Sleep Guide for Women
Women face unique sleep challenges throughout life. Understand how hormonal changes affect your sleep and what you can do about it.
Sleep & Your Menstrual Cycle
Hormonal fluctuations throughout your cycle directly affect sleep quality. In the luteal phase (after ovulation), rising progesterone can cause daytime sleepiness but paradoxically disrupt nighttime sleep.
Many women experience poorer sleep in the 3-6 days before their period due to drops in progesterone and estrogen. PMS symptoms like cramps, bloating, and mood changes further disrupt sleep.
Sleep During Pregnancy
First Trimester
Rising progesterone causes extreme fatigue. Frequent urination and nausea disrupt sleep. Nap when possible and stay hydrated.
Second Trimester
Sleep often improves. Use a body pillow for comfort and sleep on your left side for optimal blood flow.
Third Trimester
Physical discomfort, heartburn, and frequent urination make sleep challenging. Elevate your upper body and practice relaxation techniques.
Sleep & Menopause
Up to 60% of menopausal women report sleep problems. Hot flashes, night sweats, and declining estrogen/progesterone levels significantly disrupt sleep architecture.
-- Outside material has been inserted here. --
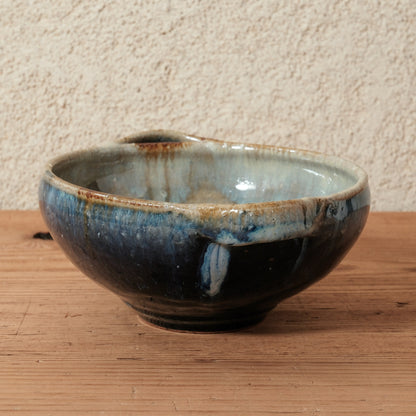 [ 田尾 明子 ] 両耳スープカップ 青釉 幅約18.5cm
The risk of sleep apnea increases after menopause as the protective effect of progesterone on airway muscles diminishes.
FAQ
Why do women need more sleep than men?
Research suggests women may need 20-30 minutes more sleep than men on average, possibly because women's brains tend to multitask more and require more recovery time. Women are also more susceptible to sleep disorders like insomnia.
How does the menstrual cycle affect sleep?
The menstrual cycle affects sleep through hormonal fluctuations. Progesterone (which rises after ovulation) has sedative effects but can disrupt sleep architecture. The premenstrual drop in both estrogen and progesterone often leads to lighter, more fragmented sleep.